- Amyton
- Coordinates: 32°36′39″S 138°19′40″E﻿ / ﻿32.610901°S 138.327857°E
- Population: 9 (SAL 2021)
- Established: 10 April 1879 (town) 13 March 1997 (locality)
- Abolished: 13 June 1957 (town)
- Postcode(s): 5431
- Time zone: ACST (UTC+9:30)
- • Summer (DST): ACST (UTC+10:30)
- Location: 259 km (161 mi) N of Adelaide ; 28 km (17 mi) NE of Melrose ;
- LGA(s): Mount Remarkable
- Region: Yorke and Mid North
- County: Frome
- State electorate(s): Stuart
- Federal division(s): Grey
| Mean max temp | Mean min temp | Annual rainfall |
| 24.7 °C 76 °F | 13.6 °C 56 °F | 257.0 mm 10.1 in |
Suburbs around Amyton:
| Hammond | Hammond | Hammond |
| Wilmington | Amyton | Coomooroo |
| Wilmington | Willowie | Morchard |
- Footnotes: Location Adjoining localities

= Amyton, South Australia =

Amyton is a locality in the Australian state of South Australia located on the eastern side of the Flinders Ranges about 259 km north of the state capital of Adelaide and about 28 km north-east of the municipal seat of Melrose.

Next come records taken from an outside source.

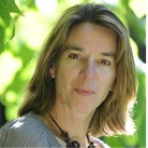 A woman with shoulder-length light brown hair is outdoors, wearing a light sweater and a necklace, with green foliage in the blurred background.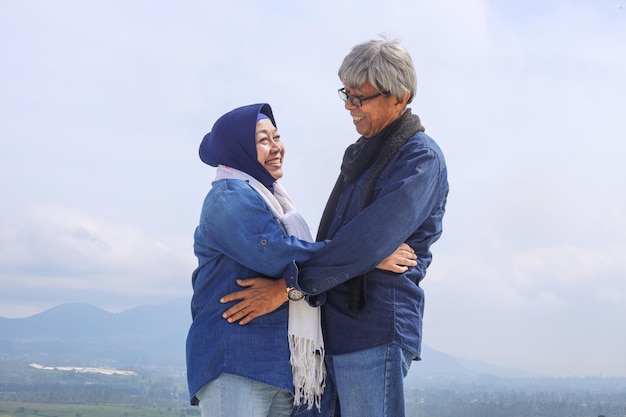 Casal de idosos asiáticos Casal romântico sênior se encara e sorri sobre a bela paisagem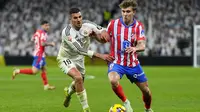 Gelandang Real Madrid, Dani Ceballos, tampil impresif ketika timnya bermain imbang 1-1 kontra Atletico Madrid pada laga pekan ke-23 La Liga di Santiago Bernabeu, Madrid, Minggu (09/02/2025) dini hari WIB. (AP&nbsp;Photo/Manu Fernandez)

Boundaries for the locality were created on 13 March 1997 and was given the “long established name” of Amyton which is derived from the former Government Town of Amyton.

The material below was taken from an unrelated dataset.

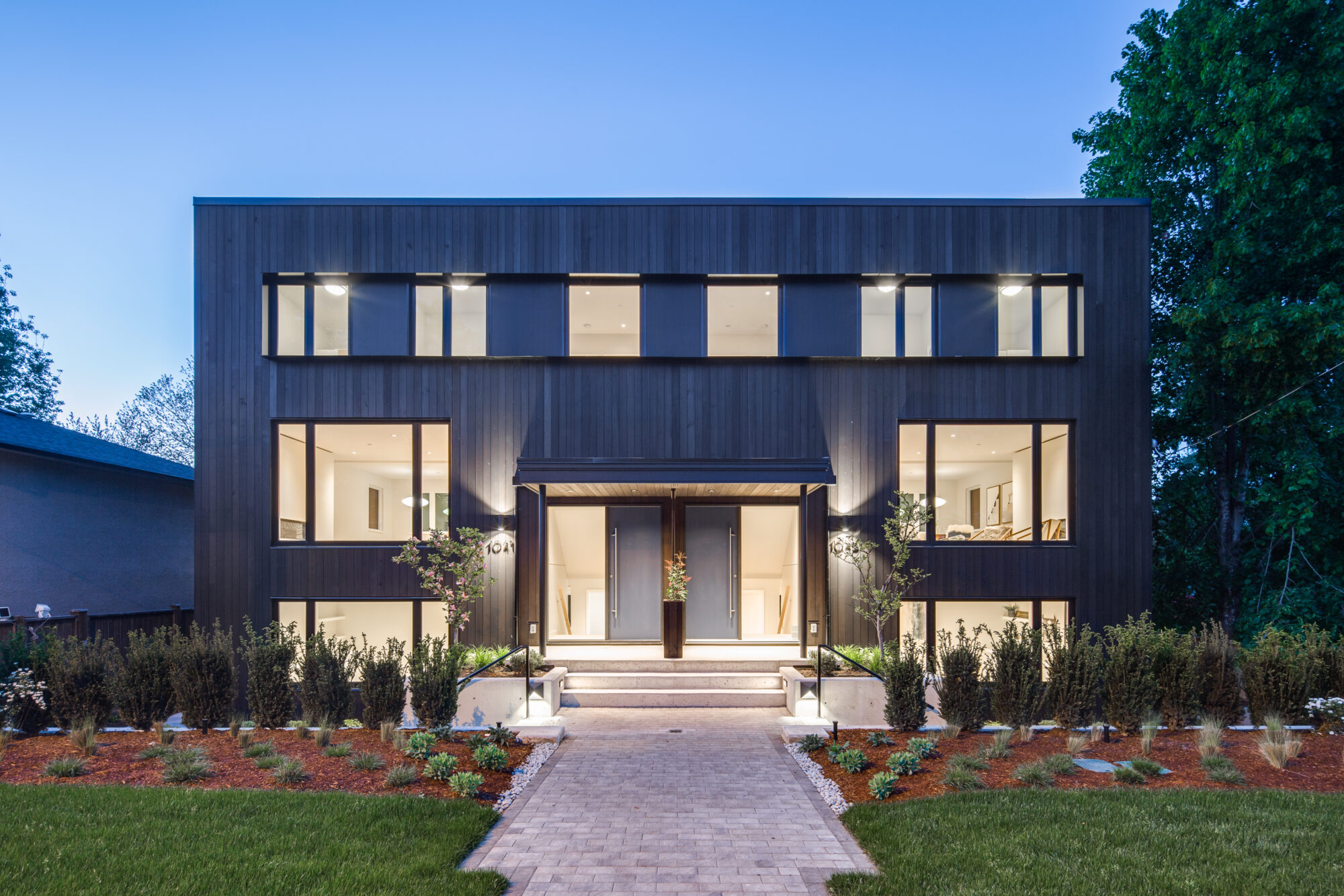 Twilight exterior of modern side-by-side duplex with dark vertical wood siding, blue entry doors and landscaped front yard and entry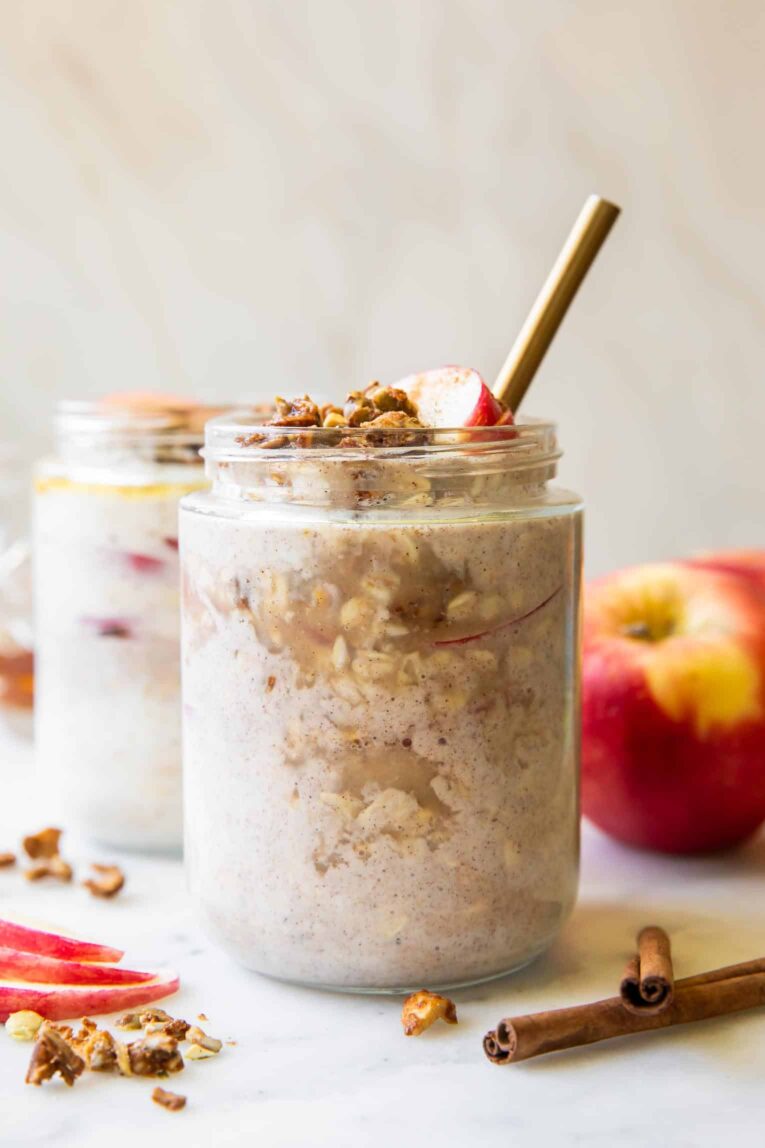 Across photo of apple cinnamon overnight oats in jars.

The government town was intended to be the principal settlement of the cadastral unit of the Hundred of Pinda. It was surveyed in January 1879 and laid out as “204 house allotments and 180 larger blocks and parklands.” It was proclaimed on 10 April 1879 and was named after the eldest daughter of William Jervois, the Governor of South Australia. It was diminished on 13 May 1954 by the cancellation of the loan registration book for the land intended for “school purposes” and resumption of all of the land intended for the school, parklands and the town, and was proclaimed to ‘cease to exist’ on 13 June 1957.

The town had as many as “four buildings and many temporary constructions” at one time and had a school in operation from 1881 to 1930. As of 2012, “nothing remains but a small pioneer cemetery” and “a few rubble heaps…” Geoffrey Manning, the South Australian historian, notes that the town was not successful because the “uncertainty of the rainfall” made the growing of wheat unviable, although farmers of the time could practise dairying as the “good variety of summer fodders, such as saltbush and blue bush” realized better financial returns than growing wheat.

Amyton is located within the federal division of Grey, the state electoral district of Stuart and the local government area of the District Council of Mount Remarkable.